» Raw data:
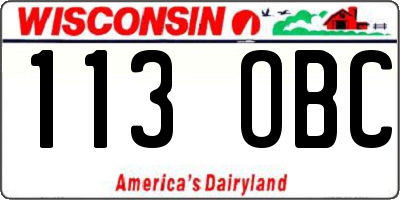 WI license plate 113OBC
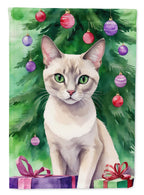Thai Lilac Cat By the Christmas Tree Garden Flag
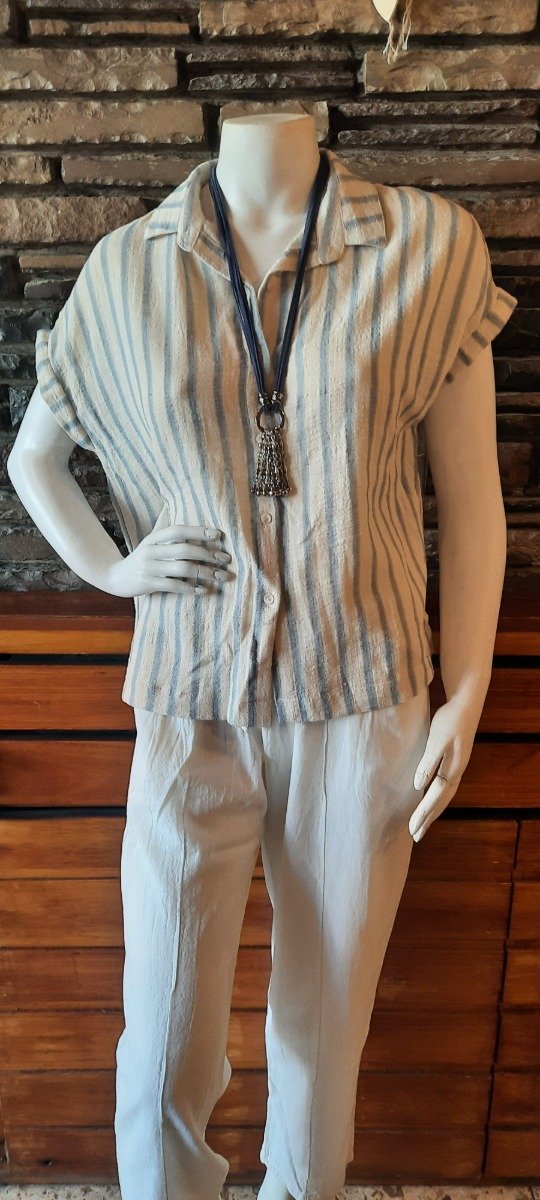 Producto - Camisa lino  algodón  rayada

» Instructions to follow:
Repeat the data exactly, without the pictures.

» Exercise result:
 WI license plate 113OBC
Thai Lilac Cat By the Christmas Tree Garden Flag
 Producto - Camisa lino  algodón  rayada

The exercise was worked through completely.